How many years have you been building in the area?
Ideally, you’ll want a builder that’s been performing residential construction in your area for at least five years. This familiarity operating in your area is important. They’ll know how to navigate building codes, inspections, and permits. They’ll know the area’s terrain, landscaping, and property lines. They’ll know a neighborhood’s livability, desirability, and property values. The custom home builder you choose should be a valuable resource to you; especially if you’re building in an area you’re not all that familiar with.
How much experience do you have and how is it relevant to my project?
Experience matters. You’ll want a builder that’s been in the game for awhile. Someone that’s built the type or style of home you want. Someone who answered the first question in a way that assures you they know the city or county you’re building in.
Does this builder work with a dependable, trustworthy, and skilled crew?
A builder is only as good as the crew they’ve assembled for your project. While you may trust the person you’re talking to or the people you meet, you must also ask about the crew they’re bringing to the job. What’s their skillset? Are a few tradesmen? Have they undergone background checks or drug screenings? Are they dependable? Do they show up for work? How well does the builder know their laborers, tradesmen, or subcontractors? How often have they worked with them?
How much can I customize?
Understand the materials your builder plans to use to achieve the look you desire. Image: Norris Architecture But some builders keep costs in line by offering a set number of floorplans and finishes, allowing for just a few cosmetic tweaks along the way. If you’re planning on a custom job, ask the builder if customization is limited to cosmetic choices alone. Some builders allow more extensive customization, like changing floorplans, upgrading finishes, or even designing a home from scratch.
Is your model home upgraded (and what comes standard)?
Don’t sign on the dotted line until you get a clear answer of which features in the model home have been upgraded. Builders want to show off their best work, so some model homes might have upgraded cabinetry, appliances, and even lighting packages that aren’t included in the base price of the floorplan.
How many homes do you generally build in a year? How many can you handle?
In addition to knowing how many years the builder has been in business, these questions will help you get a sense about the builder’s skills and capabilities. The numbers will likely vary from year to year, but the builder should be able to give you an average or average range of homes they generally build in a year.

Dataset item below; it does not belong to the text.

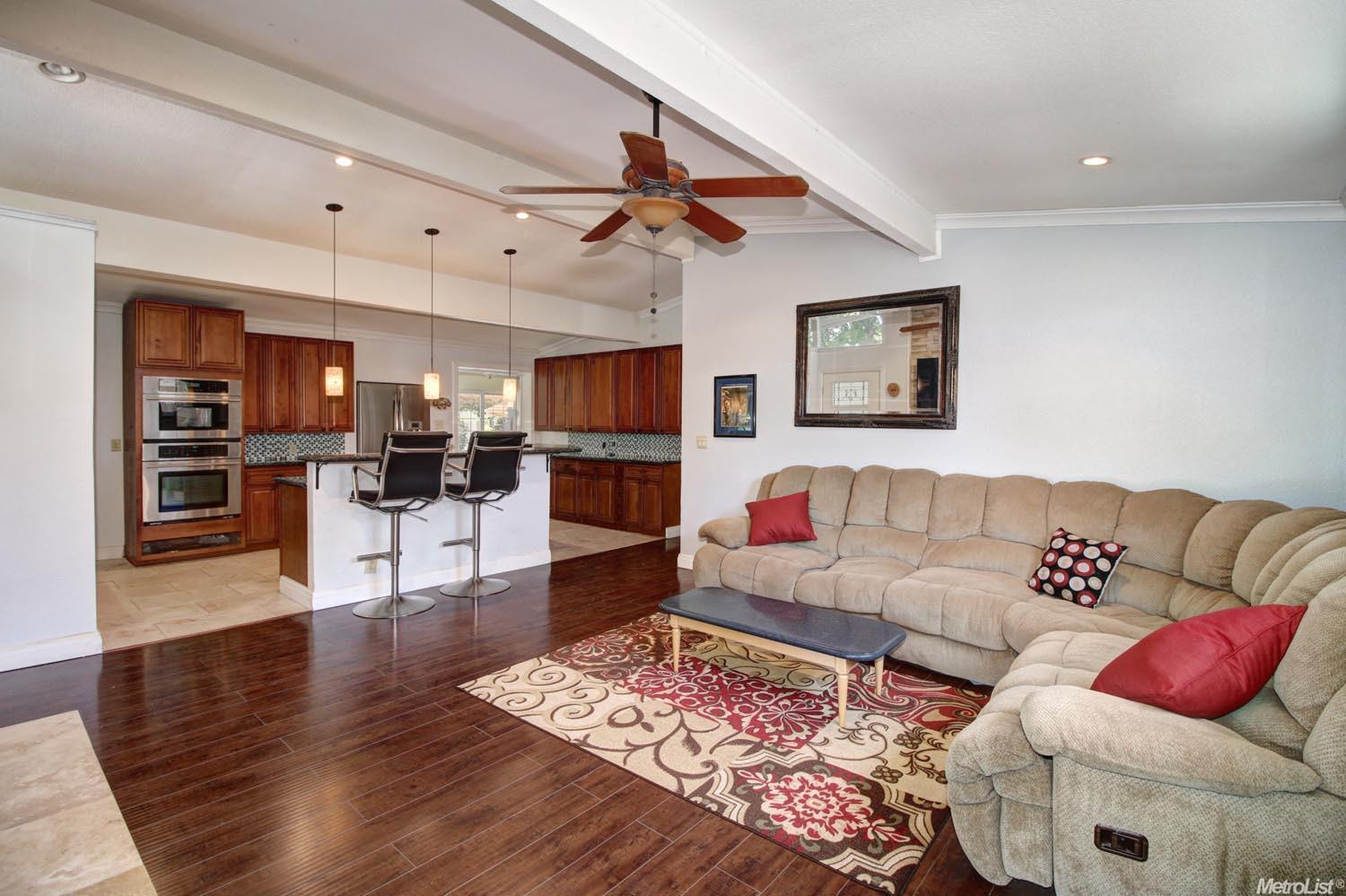 For Sale: 4813 Serena Ct Carmichael, CA 95608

Asking them how many they can handle just gives you some insight into their team’s capabilities. Depending on the answer you get, you’ll be able to get a sense of how transparent the builder is about their work and how well they know their team. A builder who answers too vaguely or indicates that there is no limit is not being transparent or upfront with you and may not have a clear idea of their capabilities and limits.
Do you have client references I can call?
You’ll want to make sure you get a few references from the custom home builder you’re meeting with. It’s expected that anyone you call as a reference will provide positive feedback. Speaking with previous clients will give you a chance to get a client-side, real-life view of what it’s like working with the builder you met with. Asking about things that surprised them, things they didn’t expect, and any challenges that came up during their project will give you valuable insights to what your experience with the builder could be.
Can I show your construction contract to my lawyer before signing it?
Does the builder’s construction contract give a clear guideline for your building process? Is it thorough enough to cover the worst of problems? Does it include insurance, change order procedures, warranties, construction time, disputes, financing, builder’s liabilities, budgets, specifications of construction, and allowances?
Are you licensed & insured?
This should be a quick question with a no hesitation answer, but you may be surprised. If you are using a lender to finance the construction, they’ll require the builder to provide proof of their licensing and insurance, but if you’re not financing, make sure you receive confirmation. On insurance, it’s important to confirm the builder is not only carrying General Liability and Worker’s Compensation coverage but is also providing Builders Risk, which is equivalent to Property Insurance during construction.
What’s your warranty, and how do you handle issues?
Any reputable builder will have a 1-year warranty, and some will even have a 10-year structural warranty. What you want to understand with this question is, how does the builder handle borderline warranty items? What happens if an issue comes up in month 14? Is it’s time up, or will he help you out? This is typically a great question to ask past customers as well.
Can I trust you?
Not a question that you might ask a builder directly, but more of something that you need to observe and make a decision for yourself. The bottom line, you can’t underestimate how important it is to like, trust and respect your builder. Building a custom home is a long term relationship that continues beyond the home’s construction for at least the 1-year warranty period. Regardless of how excellent their reputation is in the area if there is any reason you are uncomfortable, why would you trust that builder with one of your most important investments?